● WORK ORDER
Transcribe all of the data exactly, leaving nothing out.

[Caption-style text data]

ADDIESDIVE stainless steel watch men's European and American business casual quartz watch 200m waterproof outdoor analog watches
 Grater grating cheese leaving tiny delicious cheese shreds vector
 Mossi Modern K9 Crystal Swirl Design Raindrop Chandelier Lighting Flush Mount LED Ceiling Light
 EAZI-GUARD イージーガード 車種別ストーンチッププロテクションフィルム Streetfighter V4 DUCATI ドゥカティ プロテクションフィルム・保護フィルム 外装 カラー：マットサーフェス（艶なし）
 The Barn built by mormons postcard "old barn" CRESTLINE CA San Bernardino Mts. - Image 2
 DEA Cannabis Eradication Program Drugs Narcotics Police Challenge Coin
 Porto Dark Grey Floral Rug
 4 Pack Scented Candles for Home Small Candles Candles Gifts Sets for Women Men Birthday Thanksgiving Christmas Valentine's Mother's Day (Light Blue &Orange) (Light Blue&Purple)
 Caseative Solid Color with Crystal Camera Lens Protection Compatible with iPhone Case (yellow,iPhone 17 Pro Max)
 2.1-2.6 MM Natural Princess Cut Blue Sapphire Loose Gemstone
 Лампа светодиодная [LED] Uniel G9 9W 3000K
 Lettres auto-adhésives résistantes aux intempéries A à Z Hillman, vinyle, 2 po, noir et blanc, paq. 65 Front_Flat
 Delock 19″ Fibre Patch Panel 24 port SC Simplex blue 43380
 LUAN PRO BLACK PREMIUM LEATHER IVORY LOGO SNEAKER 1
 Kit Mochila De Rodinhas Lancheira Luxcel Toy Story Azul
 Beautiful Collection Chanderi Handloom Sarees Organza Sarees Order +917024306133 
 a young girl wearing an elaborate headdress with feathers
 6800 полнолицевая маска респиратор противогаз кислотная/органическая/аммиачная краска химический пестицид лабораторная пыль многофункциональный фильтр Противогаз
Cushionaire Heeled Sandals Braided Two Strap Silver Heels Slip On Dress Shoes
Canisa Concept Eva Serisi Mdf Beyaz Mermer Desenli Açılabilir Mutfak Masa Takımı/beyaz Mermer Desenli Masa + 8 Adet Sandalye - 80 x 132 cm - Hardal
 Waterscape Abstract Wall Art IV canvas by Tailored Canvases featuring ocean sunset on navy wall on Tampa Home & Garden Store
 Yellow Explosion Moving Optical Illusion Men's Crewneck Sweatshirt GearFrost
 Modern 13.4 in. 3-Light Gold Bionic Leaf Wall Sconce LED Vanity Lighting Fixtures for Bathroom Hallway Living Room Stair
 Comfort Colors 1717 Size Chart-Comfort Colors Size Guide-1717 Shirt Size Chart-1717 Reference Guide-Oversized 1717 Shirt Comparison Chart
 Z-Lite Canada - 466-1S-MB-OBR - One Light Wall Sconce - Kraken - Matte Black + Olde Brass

● YOUR SOLUTION
ADDIESDIVE stainless steel watch men's European and American business casual quartz watch 200m waterproof outdoor analog watches
 Grater grating cheese leaving tiny delicious cheese shreds vector
 Mossi Modern K9 Crystal Swirl Design Raindrop Chandelier Lighting Flush Mount LED Ceiling Light
 EAZI-GUARD イージーガード 車種別ストーンチッププロテクションフィルム Streetfighter V4 DUCATI ドゥカティ プロテクションフィルム・保護フィルム 外装 カラー：マットサーフェス（艶なし）
 The Barn built by mormons postcard "old barn" CRESTLINE CA San Bernardino Mts. - Image 2
 DEA Cannabis Eradication Program Drugs Narcotics Police Challenge Coin
 Porto Dark Grey Floral Rug
 4 Pack Scented Candles for Home Small Candles Candles Gifts Sets for Women Men Birthday Thanksgiving Christmas Valentine's Mother's Day (Light Blue &Orange) (Light Blue&Purple)
 Caseative Solid Color with Crystal Camera Lens Protection Compatible with iPhone Case (yellow,iPhone 17 Pro Max)
 2.1-2.6 MM Natural Princess Cut Blue Sapphire Loose Gemstone
 Лампа светодиодная [LED] Uniel G9 9W 3000K
 Lettres auto-adhésives résistantes aux intempéries A à Z Hillman, vinyle, 2 po, noir et blanc, paq. 65 Front_Flat
 Delock 19″ Fibre Patch Panel 24 port SC Simplex blue 43380
 LUAN PRO BLACK PREMIUM LEATHER IVORY LOGO SNEAKER 1
 Kit Mochila De Rodinhas Lancheira Luxcel Toy Story Azul
 Beautiful Collection Chanderi Handloom Sarees Organza Sarees Order +917024306133 
 a young girl wearing an elaborate headdress with feathers
 6800 полнолицевая маска респиратор противогаз кислотная/органическая/аммиачная краска химический пестицид лабораторная пыль многофункциональный фильтр Противогаз
Cushionaire Heeled Sandals Braided Two Strap Silver Heels Slip On Dress Shoes
Canisa Concept Eva Serisi Mdf Beyaz Mermer Desenli Açılabilir Mutfak Masa Takımı/beyaz Mermer Desenli Masa + 8 Adet Sandalye - 80 x 132 cm - Hardal
 Waterscape Abstract Wall Art IV canvas by Tailored Canvases featuring ocean sunset on navy wall on Tampa Home & Garden Store
 Yellow Explosion Moving Optical Illusion Men's Crewneck Sweatshirt GearFrost
 Modern 13.4 in. 3-Light Gold Bionic Leaf Wall Sconce LED Vanity Lighting Fixtures for Bathroom Hallway Living Room Stair
 Comfort Colors 1717 Size Chart-Comfort Colors Size Guide-1717 Shirt Size Chart-1717 Reference Guide-Oversized 1717 Shirt Comparison Chart
 Z-Lite Canada - 466-1S-MB-OBR - One Light Wall Sconce - Kraken - Matte Black + Olde Brass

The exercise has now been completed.